▶ _WORK ORDER_
Repeat every line below exactly as it reads.

┌─ RECORDS SUPPLIED

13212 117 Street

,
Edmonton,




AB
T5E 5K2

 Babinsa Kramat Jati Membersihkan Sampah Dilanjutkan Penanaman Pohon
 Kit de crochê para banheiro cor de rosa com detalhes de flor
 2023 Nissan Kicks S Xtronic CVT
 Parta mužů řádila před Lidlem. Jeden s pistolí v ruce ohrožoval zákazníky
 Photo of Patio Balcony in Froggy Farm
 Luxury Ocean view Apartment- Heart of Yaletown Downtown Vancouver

└─

▶ _ANSWER TO THE EXERCISE_
13212 117 Street

,
Edmonton,




AB
T5E 5K2

 Babinsa Kramat Jati Membersihkan Sampah Dilanjutkan Penanaman Pohon
 Kit de crochê para banheiro cor de rosa com detalhes de flor
 2023 Nissan Kicks S Xtronic CVT
 Parta mužů řádila před Lidlem. Jeden s pistolí v ruce ohrožoval zákazníky
 Photo of Patio Balcony in Froggy Farm
 Luxury Ocean view Apartment- Heart of Yaletown Downtown Vancouver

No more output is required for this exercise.